Soumaila individua nelle guerre e nella povertà, prodotti del sistema capitalista, i veri motivi alla base dei flussi migratori. Così come i veri colpevoli del clima razzista diffuso nel nostro paese sono i politici. “Non si può parlare di barriere nel momento del bisogno” perché i migranti non sono un pericolo ma uomini come noi.
“Così tanto da usarlo, il noi./ senza ritegno alcuno/ nel giustificare atti e fatti,/ che a volte vanno oltre l’orrore./ Il noi è il plotone di esecuzione;/ dieci fucili per un corpo./ Dieci pallottole per togliere una vita./Il Noi toglie il rimorso. Giustifica il male./ Noi dell’Italia./ Noi del Sud./ Noi Maliani./ Noi Africani./ […] Noi, che viviamo, siamo./ Esistiamo./ Noi, non siamo diversi da voi./ Respiriamo, abbiamo progetti./ Vorremmo essere felici./ Noi siamo come voi/e vediamo voi,/chiunque siate./Noi, siamo il popolo della terra./ Uomini, donne e bambini./Adulti ed anziani. E non abbiamo muri, ma cuori.” (da Sogni di un uomo, E’ piacevole il suono del noi).
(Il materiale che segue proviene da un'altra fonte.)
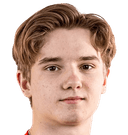 Valde Löfs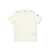 Moncler SS POLO Beige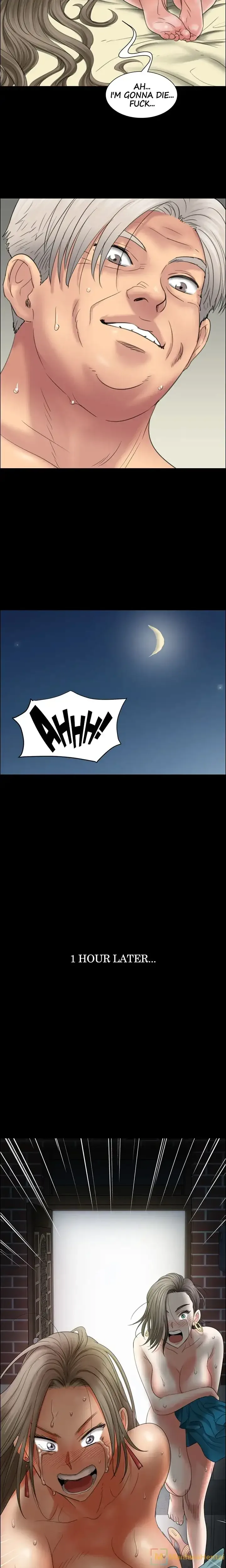 Chapter 11, page 28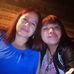 Patsy Gabriel - Facebook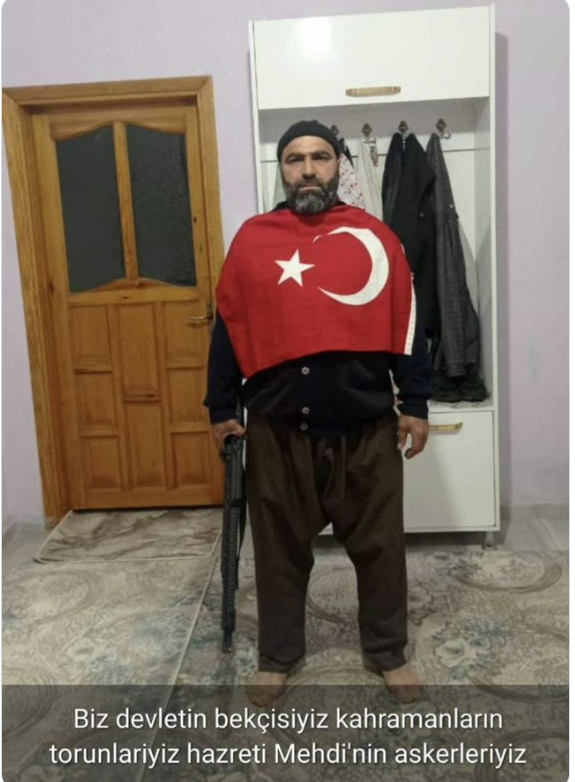 ekran-goruntusu-2023-03-31-163142.png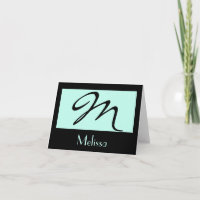 monogramturkollisionsmall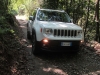 Jeep Renegade 2.0 140CV 4x4 (60)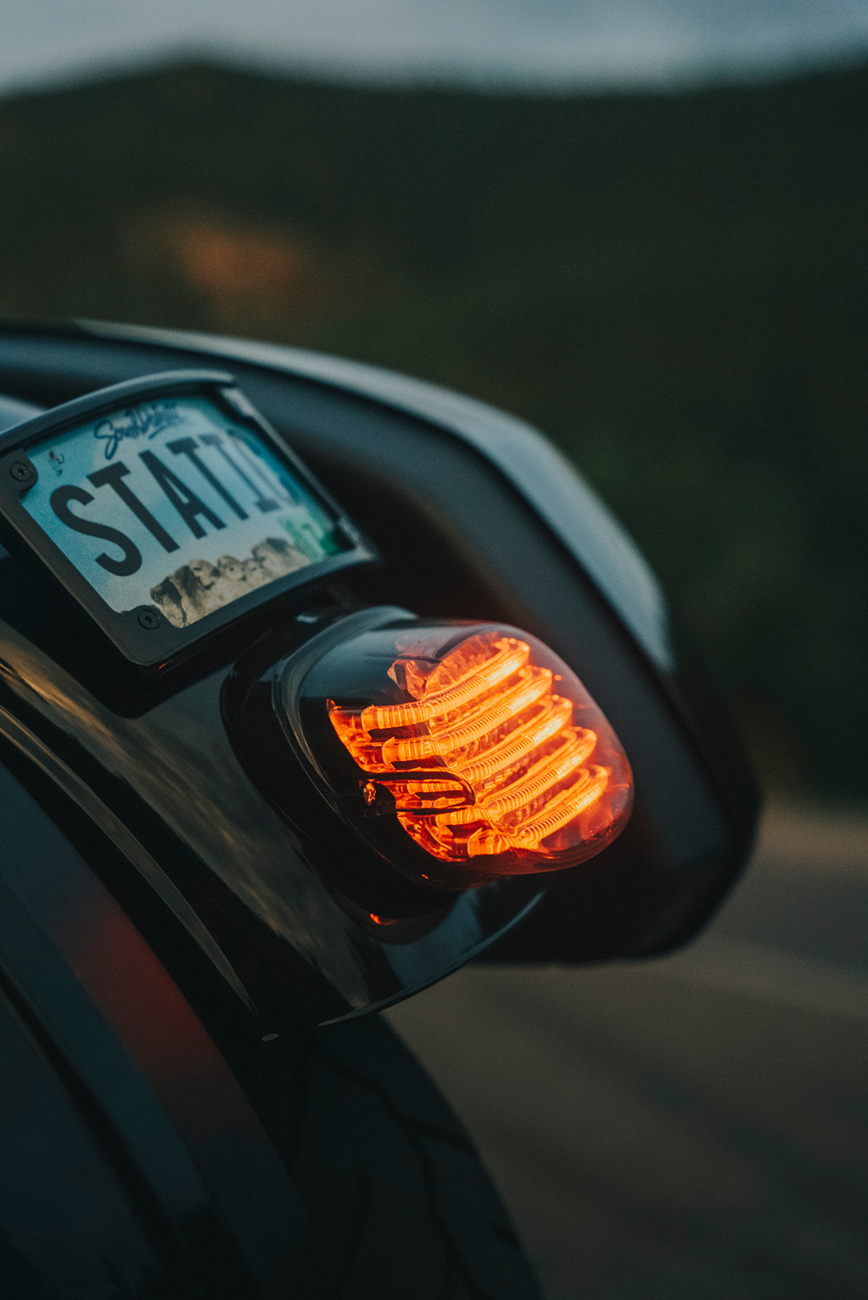 https://asset.lemansnet.com/media/edge/A/B/3/AB30B430-AA88-471A-92F6-FB4733E14EF0.png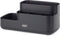 Joseph Joseph Badkamer organizer - Zwart - 5 compartimenten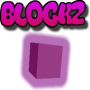 icon Blockz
Sogni di un uomo è la prima raccolta di versi di Soumaila Diawara, la seconda La nostra civiltà, “si concentra su tematiche spesso imposte nella nostra società come la religione, la politica, il denaro. C’è una parte in cui critico l’ipocrisia della politica italiana.”
Un uomo, giovane ma che ha già conosciuto e visto passare sulla sua pelle le ingiustizie del mondo, un uomo che conosce il dolore e la rabbia dell’emigrazione e dell’emarginazione; un uomo informato, istruito, cosciente e con gli occhi bene aperti sulle realtà politiche dei governi mondiali e dei loro traffici giocati sulla pelle dei più deboli; un uomo che sogna giustizia, riscatto ed equità per tutti; un uomo con un anelito profondo di uguaglianza esteso ad ogni essere umano sfruttato e calpestato sia egli nero, bianco, giallo o rosso: questo è Soumaila Diawara e noi, occidentali adagiati sulle nostre false certezze e sulla sicurezza dei nostri piccoli orticelli, coltivati a diffidenza e indifferenza, abbiamo tanto da imparare dai suoi 31 anni carichi e densi di vita spesa a stimolare una presa di coscienza per costruire, insieme, giustizia sociale e libertà.